Under the terms of the Acquisition Agreement, each Third Canadian minority shareholder will receive cash consideration per Share equal to the “Adjusted NAV” calculated and announced by press release on the day that is four business days prior to the meeting of shareholders of the Company which will be called to consider the Arrangement. “Adjusted NAV” pursuant to the Acquisition Agreement means in effect the net asset value of the common shares of the Company, reflecting the value of the Company’s holdings in its principal assets (Canadian General Investments, Limited and Canadian World Fund Limited) at each of their respective underlying net asset values, less 5% of such aggregate amount. The net asset value will be calculated in accordance with the valuation principles set out in the Company’s Annual Information Form and consistent with past practice, with the exception of the above treatment for the principal assets. Generally, publicly traded securities held by the Company, which includes the principal assets, are valued based on their closing market prices. Historically, the market prices for the principal assets are usually significantly less than their net asset values. As an example, if calculated as at July 28, 2011, Adjusted NAV (i.e., the consideration to be received by a shareholder) would be $47.13 per Share, which represents a premium of approximately 52.0% per Share based on the $31.01 closing price of the Shares on the Toronto Stock Exchange on July 25, 2011, the last day the Shares traded. The net asset value per Share of the Company at July 28, 2011 as calculated by the Manager was $42.13.

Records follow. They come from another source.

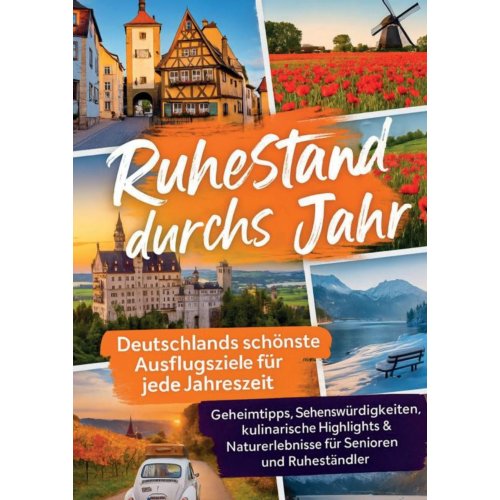 Mijnbestseller B.V. Ruhestand Durchs Jahr - Deutschlands Schönste Ausflugsziele Für Jede Jahreszeit - Andrea Hoffmann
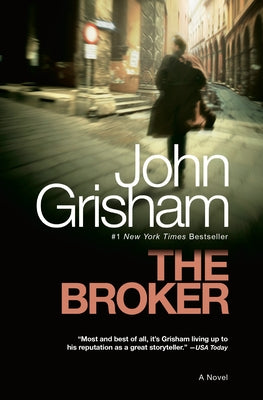 The Broker by Grisham, John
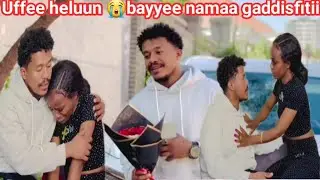 🥺Natin jalaleen heluun ethiopia galee shee bira dhaqee sheen gagabdee ofii walatee 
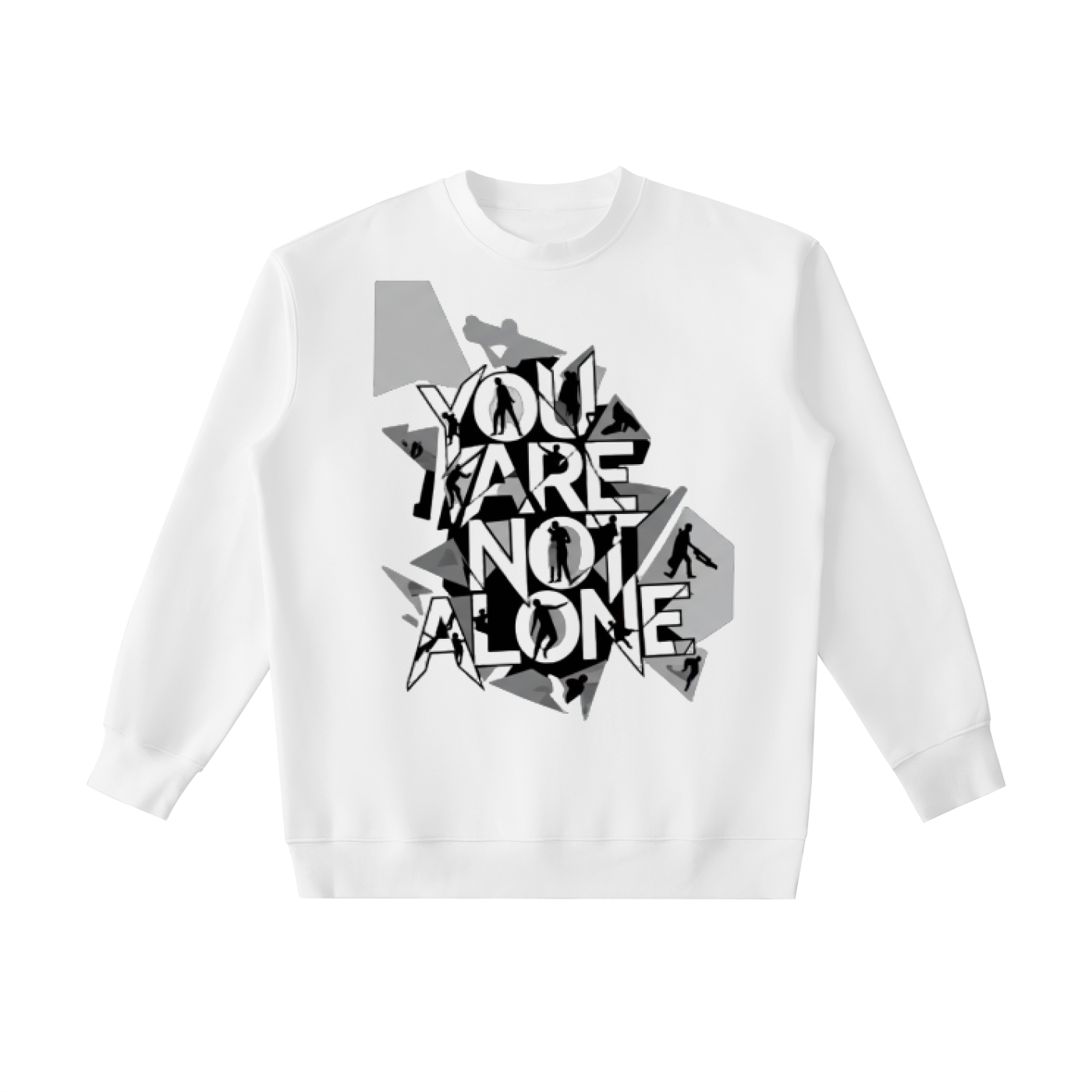 YOU ARE NOT ALONE Crewneck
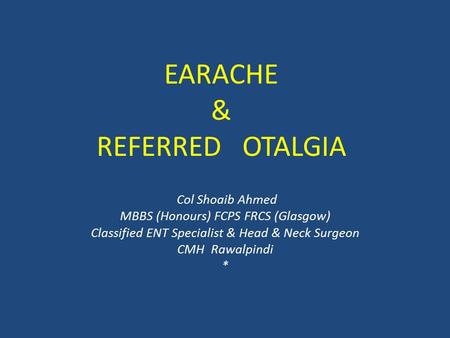 EARACHE & REFERRED OTALGIA Col Shoaib Ahmed MBBS (Honours) FCPS FRCS (Glasgow) Classified ENT Specialist & Head & Neck Surgeon CMH Rawalpindi *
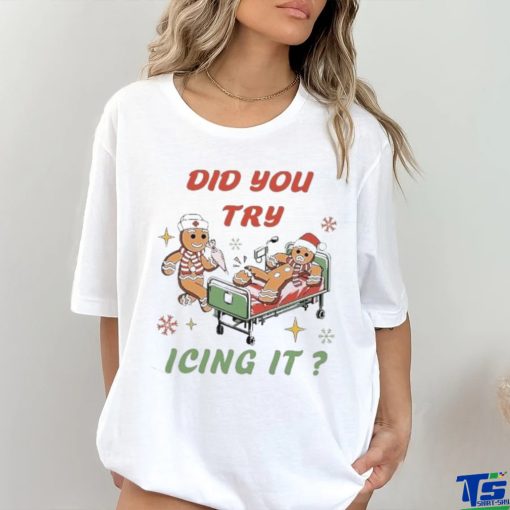 Nurse ChristmasTry Icing It shirt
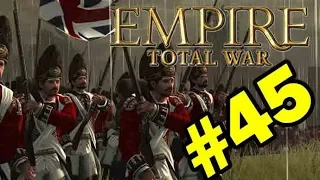 Let’s Play Empire: Total War – Great Britain World Domination Campaign – Part 45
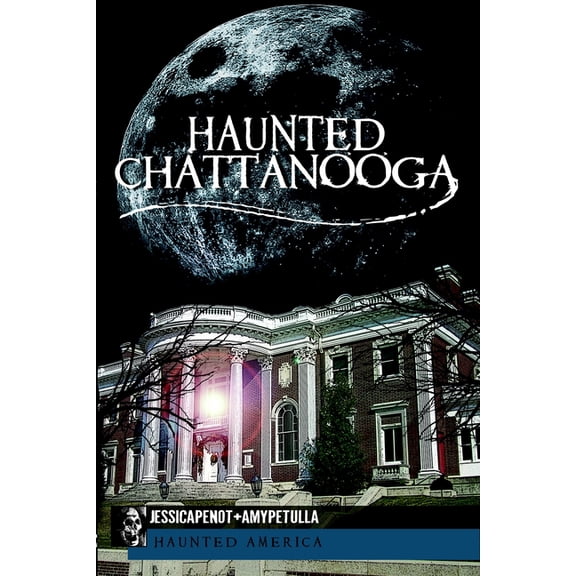 Haunted America Haunted Chattanooga, (Paperback)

A special committee comprised of independent directors of the Company (the “Special Committee”) has received a fairness opinion from KPMG Corporate Finance Inc. (“KPMG CF”) which provides that, subject to the assumptions and limitations contained therein, the consideration to be received by the Company’s shareholders per Share pursuant to the Arrangement is fair, from a financial point of view, to the holders of Shares (other than Holdings #1 and its affiliates and associates).
Acting on the unanimous recommendation of the Special Committee, and after consideration of the advice from KPMG CF, among other things, the Company’s board of directors (the “Board”) has determined that the Arrangement (including the consideration payable per Share) is fair to the shareholders of the Company (other than Holdings #1 and its affiliates and associates) and that the Arrangement is in the best interests of the Company. Accordingly, the Board has approved the Arrangement and recommends that the Company’s shareholders vote in favour of the Arrangement. Vanessa Morgan, Jonathan Morgan and Michael Smedley did not participate or vote in such Board determination or approval.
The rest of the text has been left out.